In dem Clip befragt die Reporterin Olga Khazan ihre eigenen Kollegen und Chefs nach Erfahrungen mit Gefühlsausbrüchen bei der Arbeit. „Wie oft kommt es vor, dass ein Mitarbeiter oder eine Mitarbeiterin vor Ihnen in Tränen ausbricht?“, will sie etwa von Manager Bob Cohn wissen. „Vielleicht einmal im Jahr“, antwortet der. „Und wie fühlen Sie sich dabei?“ „Unwohl. Obwohl sich der Mitarbeiter ja viel unwohler fühlen muss. Ich bin unsicher, ängstlich, nervös. Heute habe ich gelernt, erst einmal abzuwarten, bis sich der Mitarbeiter wieder gefangen hat“, berichtet Cohn.
Dass Weinen in der Öffentlichkeit und im professionellen Kontext ein Tabu ist – das ist ein vergleichsweise junges Phänomen. Noch vor einigen Jahrhunderten gehörte das quasi zum guten Ton. In der modernen Arbeitswelt dagegen sind Gefühlsausbrüche, egal in welche Richtung, überraschend. Dabei zeigt eine Studie mit Tiefeninterviews, dass 41 Prozent der Frauen und immerhin neun Prozent der Männer hin und wieder bei der Arbeit weinen. Ob harte Kritik, Streit mit Kollegen oder dem Chef, Überlastung oder eine heftige Diskussion – so gut wie jeder kennt es, wenn die Gefühle nicht unterdrückt werden können.
Aber woher kommt der Unterschied zwischen den Geschlechtern? Forschern sehen ihn vor allen in den traditionellen Rollenbildern begründet, aber es wird auch ein Zusammenhang mit dem Hormonhaushalt von Männern und Frauen vermutet. Frauen gelten als emotionaler. Und sie bilden mehr Prolaktin, was die Fähigkeit zu weinen stärker beeinflusst. Zugleich haben Männer schon als Kinder häufig gelernt, ihre Gefühle eher zu unterdrücken. Und Gefühlsausbrüche werden bei ihnen eher akzeptiert als bei Frauen – sofern sie laut oder wütend werden. Entsprechend reagieren Männer, selbst wenn sie traurig sind, häufiger mit Wut und Schreien als mit Tränen.
Für Frauen haben Gefühlsausbrüche anscheinend im Job sogar doppelt negative Effekte: Wer öffentlich vor den Kollegen und Vorgesetzten weint, gilt schnell als Heulsuse. Die Professionalität wird infrage gestellt. Frei nach dem Motto: Dann ist sie nicht die Richtige für den Job, wenn sie das nicht abkann. Allerdings ist es zugleich auch akzeptierter, wenn eine Frau weint, weil das der Frauenrolle entspricht.

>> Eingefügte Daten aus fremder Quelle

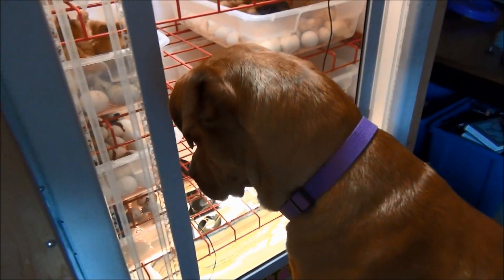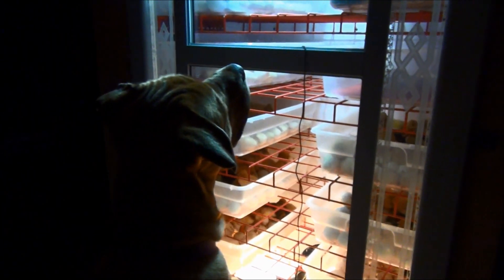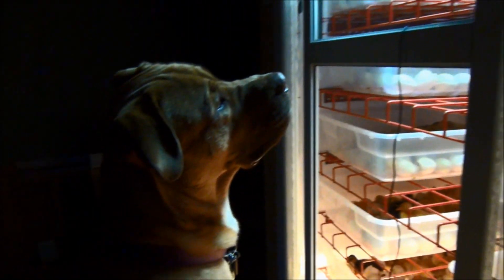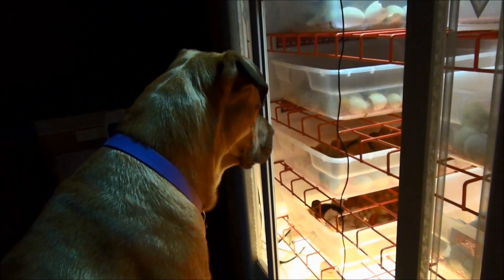Doug is really interested in his new babies. He is just mesmerized by them. Tomorrow is going to be really interesting in the barn when we get them out.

Weint dagegen ein Mann und ist der Grund nicht sofort offensichtlich, wird als Ursache häufig ein externer Grund angenommen, der nichts mit der Arbeit zu tun hat. Etwa ein Todesfall in der Familie. Ist aber erkennbar, dass ein Mann weint, weil er sich durch eine Auseinandersetzung mit Kollegen herabgesetzt fühlt, können die Tränen schnell zum Stigma werden.
Dabei hat das Weinen im Büro durchaus auch positive Seiten: Weint ein Mitarbeiter wegen des Chefs vor den Kollegen und nicht vor der Führungskraft, stellt das in der Regel Gemeinschaft her. Viele Kollegen neigen eher dazu, trösten zu wollen.